I should add that I never hurry and I never dawdle. That’s not walking. I walk with hands linked behind my back. And I take note of what I see.

The most popular vehicles are those enormous black jeeps that I can see in the distance as I walk through the Catholic cemetery, the Protestant cemetery, the evangelical cemetery and the Orthodox cemetery, on my way to the vast expensive parking lot at the back. Right after these come the BMWs, the Audis, the Lexuses and Chevrolets, but I notice there are fewer Mercedes this year than last and wonder why Mercedes has fallen out of favour with Hungarians? I can’t think why so I walk on. Then come the Volkswagens, the Skodas, the Opels and the Suzukis, and pretty quickly I find myself in the mean streets of the poor because what follows is the truly sad spectacle of cars parked in two long, apparently infinite rows on both sides of the street beyond the vast expensive parking lot, partly because they have been squeezed out, and, let’s be honest, lawfully squeezed out, of the vast expensive parking lot so as not to ruin the view, and partly because they themselves, this rank of pathetic, half-rusted, damaged Peugeots, Renaults, Fords, Toyotas, Dacias and Kias, and look, there are Mercedes too, more than twenty years old of course, all these would like to have a proper paid-for place in the enormous parking lot, that is to say they would love to be new gleaming Peugeots, Renaults and Toyotas, and definitely not more-than-twenty-year-old Mercedes, but can’t be because they are scrap iron, the kind of scrap iron relegated to the dreaming poor, the saddest thing about the dreaming poor being that their desires are exactly the same as the dreams of those in the BMWs, Audis and Lexuses, that they are made of exactly the same stuff as the dreams of these other people and it is just that they have been condemned never to get into any major parking lot for which you have to pay so their vehicles are doomed to remain outside for ever, there on either side of the street, in the dust, with one wheel on the pavement, leaning to one side, like the whole country whose collapse I, Róbert Valzer, hereby predict.

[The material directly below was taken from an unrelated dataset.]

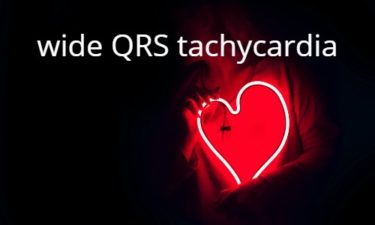 wide QRS tachycardia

My feet are fit for walking because I have long used La Sportiva boots instead of shoes, Delladio’s La Sportiva being by far the best boots anyone has ever designed, tough enough for me to be perpetually walking, because my footwear needs to be tough enough to last, and now, having passed through the Catholic, the Protestant, the evangelical and Orthodox cemeteries, I am walking through the long disused Jewish cemetery because, for some unknown reason, this is the one day in the year they unlock it, and I take pleasure walking through it because I like walking on these inimitable La Sportivas, so buoyant and light under my feet, and because there are neither Michaelmas daisies nor people here, there’s nothing to hate, and it’s quiet because no one under these stones is ever going to move again and there clearly won’t be any resurrection because the graves are overrun by weeds with only one or two stones here and there daubed with swastikas sprayed on at weekends by the growing tribe of neo-Nazis, who are only doing it as a form of amusement when they can’t kick – they use Doc Martens – the stones over, and I stride on in my spring-soled La Sportiva boots, past the gravestones and think of the dead that lie here, visited by no one, since there isn’t anyone who could visit them, though it’s the end of the Day of the Dead and soon it will be the day allotted to Yahrzeit, so you can sense it’s getting towards winter and I walk on while slowly it begins to snow, great flakes of it, and I am just getting the feel of those La Sportiva boots treading over snow when – though God knows I have nothing to do with the world-famous Robert Walser – my heart starts to ache, in fact my whole chest aches, and my steps do not slow, but speed up on account of my sudden pain, the steps ever shorter as I hurry on, but it’s all in vain, I start waving my arms and swaying then fall flat on my face and lie out at full length – my body immobile, my hat rolling away and it is only this body and the hat that remain on the snow for a while, along, of course, with my footprints, until they find me and take me away somewhere, and soon even the memorable footprints of those excellent La Sportiva boots begin to melt, because it’s spring and no one will do my walking for me.